In 2013, console makers Microsoft and Sony looked toward a future they thought was going to completely change the video game industry. Like Nintendo had the year before with the Wii U, the other two platform holders tried to incorporate big new technology ideas into their new consoles, adapting to trends such as touchscreens, mobile app integration, motion control, voice control, and the power of cloud integration. With the Xbox One, Microsoft envisioned a completely new game console that would power your entire living room and tried to completely change the game with its hardware and capabilities.
As we near the release of the ninth generation of consoles and the Xbox Series X and PlayStation 5, though, things are very different. Most of the ideas that defined the Xbox One when it was announced have disappeared from the console, and new elements that were initially discounted have come to help define it. We’re looking back at some of the best and worst tech ideas of the Xbox One, from the ill-fated Kinect to the about-face that made backward compatibility possible. The Xbox One’s story is a strange one, and the console has gone through some drastic changes–largely for the better.
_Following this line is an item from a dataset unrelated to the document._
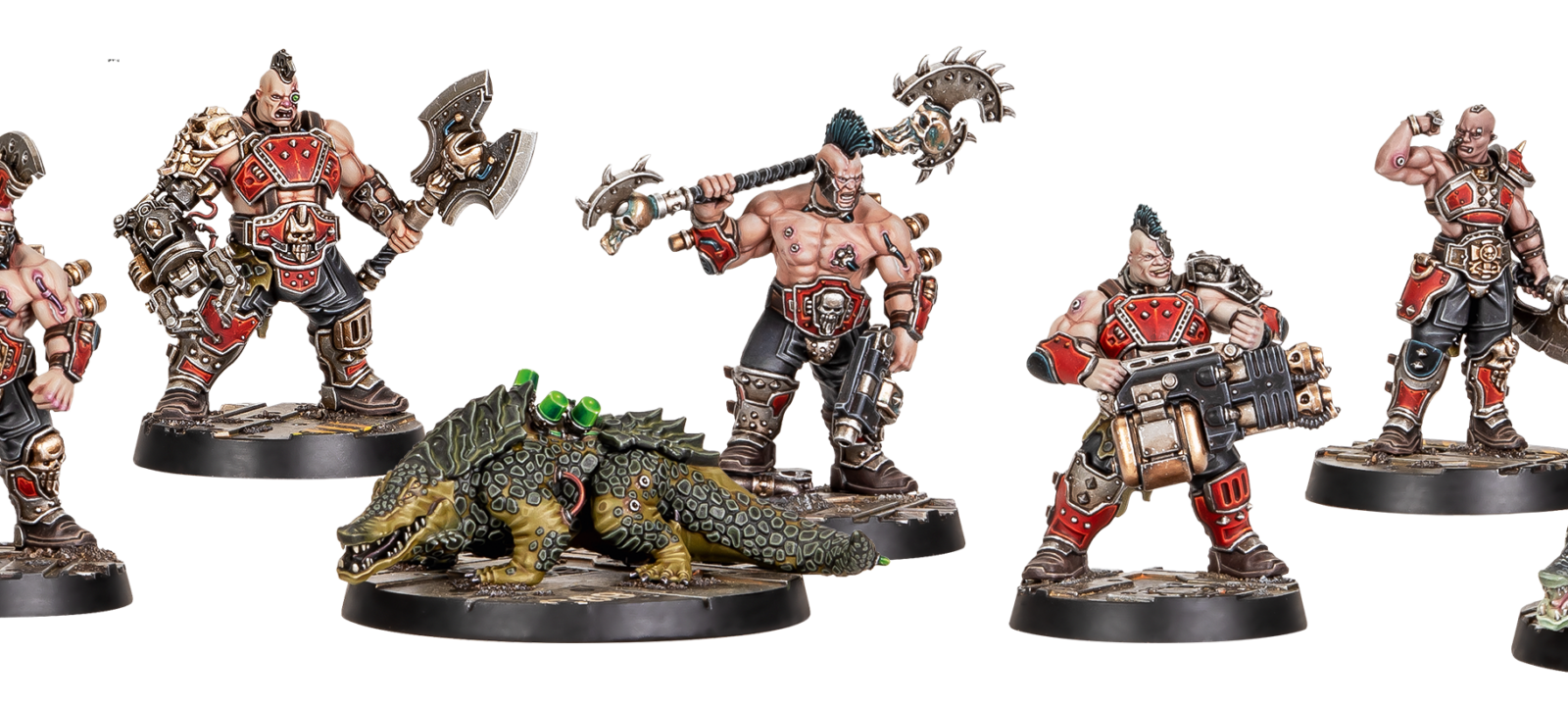 New champion models for the Goliaths.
Be sure to also check out our rundown of the best and worst PlayStation 4 tech and hardware as well.
Kinect To Everything
The defining feature of the Xbox One at launch was one of the feathers in Microsoft’s cap from the Xbox 360 era: Kinect. This natural motion interface camera was a pretty impressive piece of tech with the 360–the camera could map your body and the environment around you, allowing you to control games with your motions without the need for additional controllers or hardware, unlike Nintendo’s Wii remote or Sony’s PlayStation Move. For the Xbox One, Microsoft expanded on Kinect, making it a required part of the system and packaging it with the system.
Kinect offered voice control, body tracking, head tracking, and augmented reality features for games. You could use it as a webcam while streaming or for Skype calls, or place yourself into different settings with a feature that’s not dissimilar to the popular use of Zoom backgrounds in this pandemic era. Microsoft wanted voice control to be a big part of the Xbox One experience, so you could shout at your console from across the room to switch it on and off, change channels or games, or record gameplay for sharing online. The device was also supposed to recognize your voice, allowing you to instantly sign you in to your Xbox One and Xbox Live profiles, so when you fired up the console, you’d get your personalized dashboard and experience.
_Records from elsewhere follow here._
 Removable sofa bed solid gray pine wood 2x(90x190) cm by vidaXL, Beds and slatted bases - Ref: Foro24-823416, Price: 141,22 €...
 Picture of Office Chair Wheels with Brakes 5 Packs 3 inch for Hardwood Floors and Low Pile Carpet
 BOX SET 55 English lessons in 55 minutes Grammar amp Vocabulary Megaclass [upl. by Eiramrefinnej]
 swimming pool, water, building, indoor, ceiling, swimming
The Kinect was a big part of what made the Xbox One stand out from the competition. Importantly, however–nobody really liked it.
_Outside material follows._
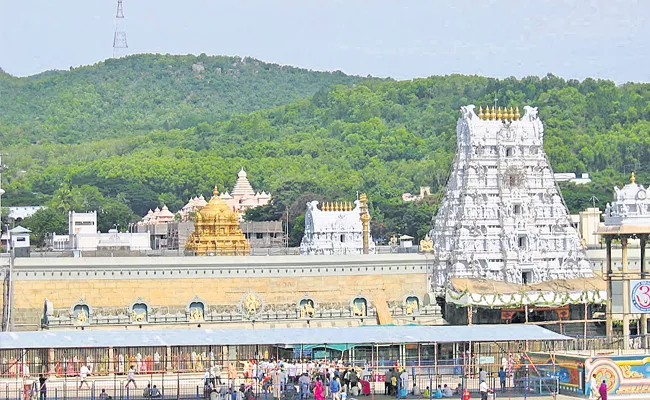 Srivari Temple under the supervision of Octopus team - Sakshi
For starters, though there were a few interesting Kinect games on the 360, developers didn’t really gravitate to motion controls in the Xbox One era; perhaps that gimmick had come and gone by the time Microsoft was putting out its new console in 2013. Titles such as Just Dance continued to use the body tracking features, and some major releases such as Battlefield 4 and Alien: Isolation offered head tracking to let you move and peek around corners. Xbox exclusives, such as Dead Rising 4, included voice controls. But there was just never much to play with the device, and while hackers and homebrewers found tons of interesting uses for the Kinect in arenas like medicine and robotics, it just didn’t take off as a game device.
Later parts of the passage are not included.